What are the main types of securities in India?

India has five main types of securities: debt securities (like bonds), equity shares, derivatives (like futures and options), hybrid securities (like convertible debentures), and alternative instruments (like Sovereign Gold Bonds, ETFs, ADRs/GDRs). Each serves different investment or borrowing purposes.

How do government and corporate bonds differ?

Government bonds are issued by the RBI on behalf of the government and are considered low-risk. Corporate bonds are issued by private or public companies, offering higher returns but with added credit risk. Both pay regular interest but differ in issuer credibility and yield potential.

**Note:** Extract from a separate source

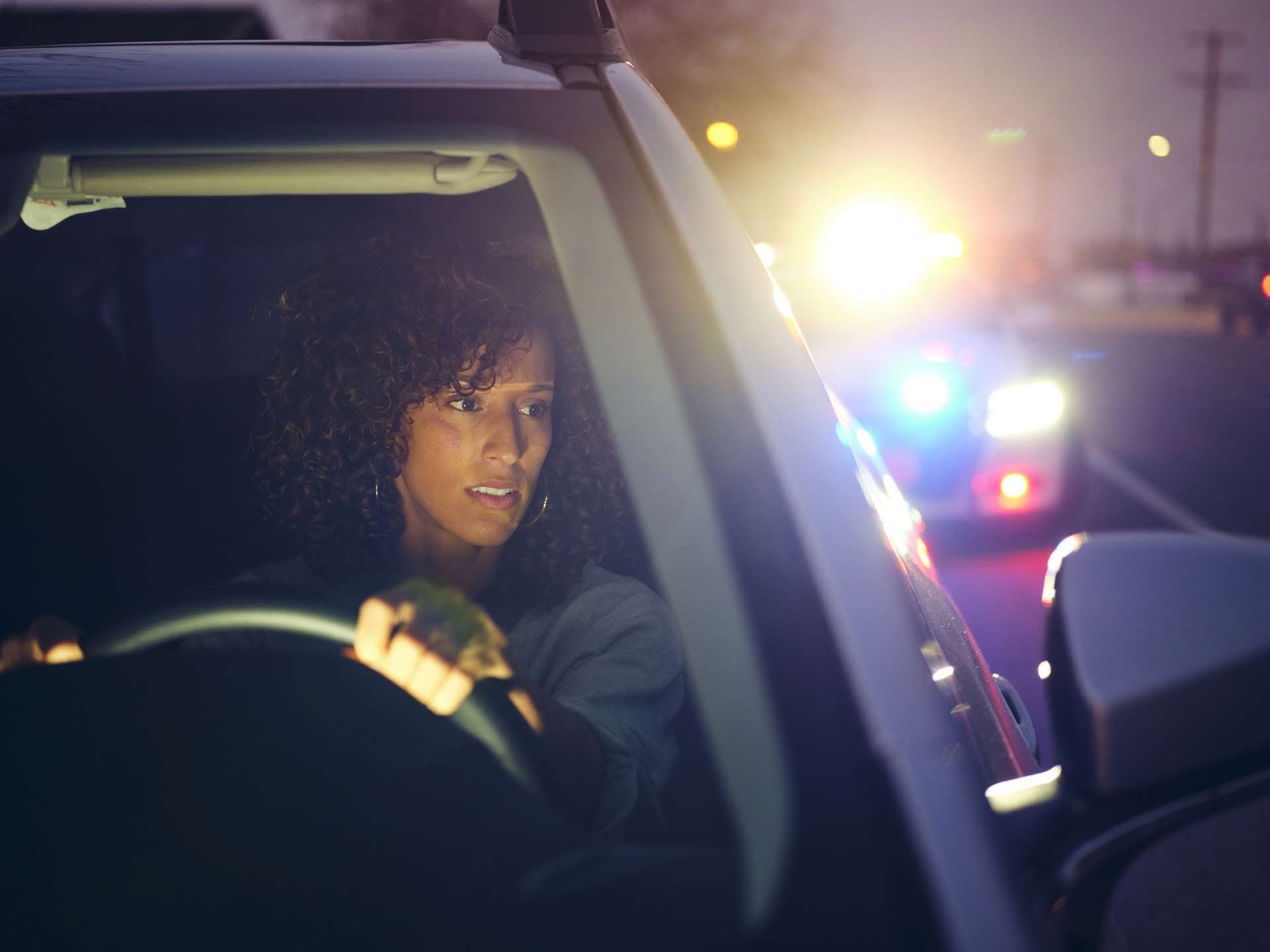 A young woman, being stopped by police at night for a traffic violation, highlighting DWI bail bonds.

What are the benefits of hybrid securities?

Hybrid securities combine features of debt and equity, offering steady income along with potential for capital appreciation. They may provide fixed returns initially and later convert into equity shares, giving investors the benefits of both safety and growth. Ideal for moderate-risk investors.

How do ADRs/GDRs let you invest in foreign companies from India?

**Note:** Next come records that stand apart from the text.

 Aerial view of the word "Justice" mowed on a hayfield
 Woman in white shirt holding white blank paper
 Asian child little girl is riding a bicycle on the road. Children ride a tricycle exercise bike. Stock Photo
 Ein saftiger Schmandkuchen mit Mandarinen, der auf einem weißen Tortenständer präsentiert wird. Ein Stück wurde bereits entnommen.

American Depository Receipts (ADRs) and Global Depository Receipts (GDRs) allow Indian companies to raise capital abroad. Similarly, Indian investors can access global markets by investing in ADRs/GDRs of foreign companies, enabling portfolio diversification without opening overseas accounts.

What are Sovereign Gold Bonds and Gold ETFs?

Sovereign Gold Bonds (SGBs) are issued by the government and offer interest plus gold price gains. Gold ETFs are traded funds backed by physical gold. Both help investors invest in gold digitally without storage worries, but SGBs offer tax and interest benefits too.